Both Kazan and Radcliffe are cute and appealing, but neither are drop-dead gorgeous in the classical Hollywood way, which makes them feel a little more human than usual for the genre. In the past, I haven't been Kazan's biggest fan, with RUBY SPARKS especially rubbing me the wrong way. Here, it can't be denied that she's absolutely wonderful as the quick-witted, but vulnerable Chantry. In these kinds of movies, it's often frustrating when the leading lady takes so long to decide the leading man is right for her, but with Rafe Spall as her nice-guy boyfriend- who also has an appealing clumsy streak- you can understand it and sympathize with her reluctance to chuck what seems to be a fulfilling relationship.

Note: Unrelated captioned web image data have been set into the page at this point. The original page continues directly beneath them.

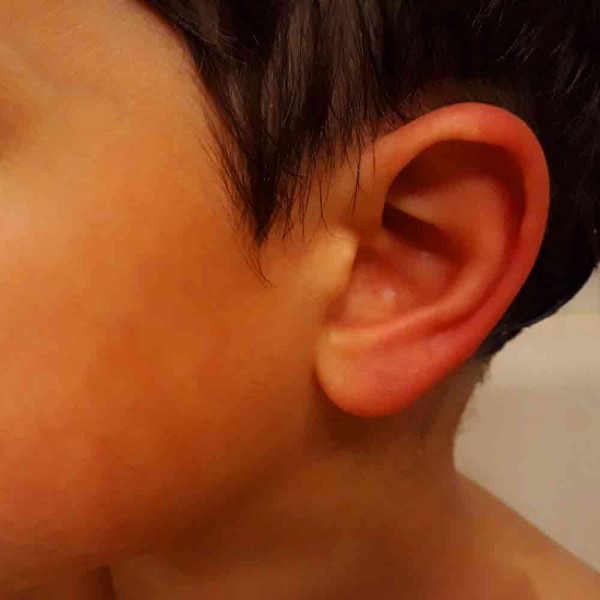 Por qué tengo las orejas rojas y calientes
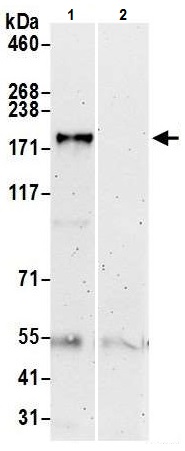 Immunoprecipitation - Anti-ZCCHC6 antibody (AB226294)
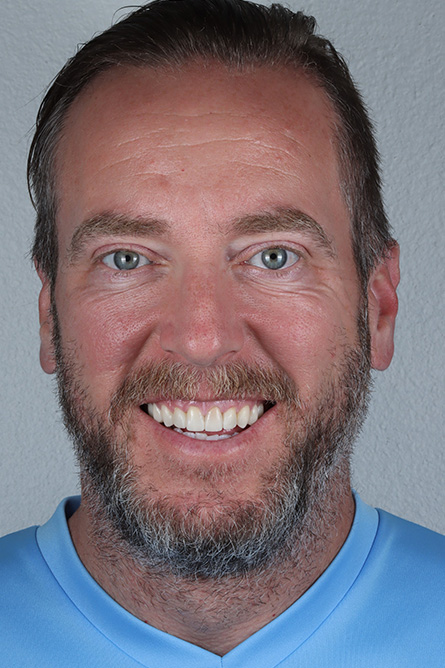 Stunning Smiles | Restorative Dentistry, All-on-6 reg  Dental Implants and Dental Fillings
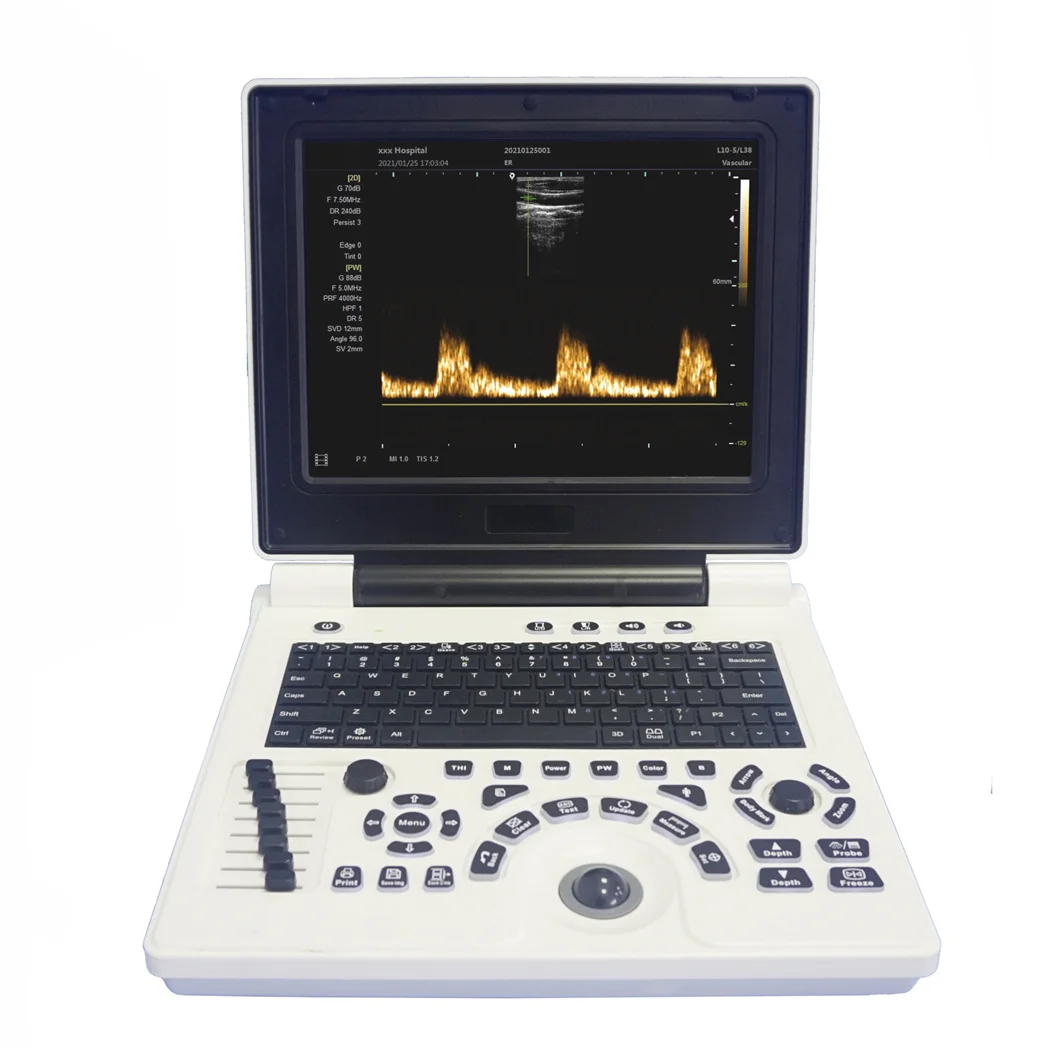 CE Approved Laptop Full Digital Portable 12 inch LCD Display medical ultrasound scan machine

Many have cited WHEN HARRY MET SALLY as THE F WORD's touchstone, and there are certainly tons of similarities, although neither Kazan nor Radcliffe are nearly as acerbic as their older counterparts. But just like Billy Crystal and Meg Ryan in that movie, they seem meant for each other. Adam Driver gets the Bruno Kirby role as Radcliffe's studly best friend (stealing every scene he's in- just like on GIRLS). There's even the equivalent of the I'll have what she's having scene, although here the conversation is slightly less classy, focusing on how much feces Elvis died with in his intestines (it makes sense when you watch it). Also, what Rob Reiner did for Manhattan, Dowse does for the rarely used (as an actual on-screen location, although plenty of films shoot there) Toronto. Everything people love about the city is on display here, from the cool diners, artisan shops, and hip neighborhoods that many young people have walked around and fell in love in. More than anything, this is a love-letter to that city.
With CBS Films on tap to give the film a wide release at some point, THE F WORD has real breakout potential, and hopefully it'll find it's audience. The quirky indie rom-com has become a genre unto itself lately, but it can't be denied this is that genre at it's very best.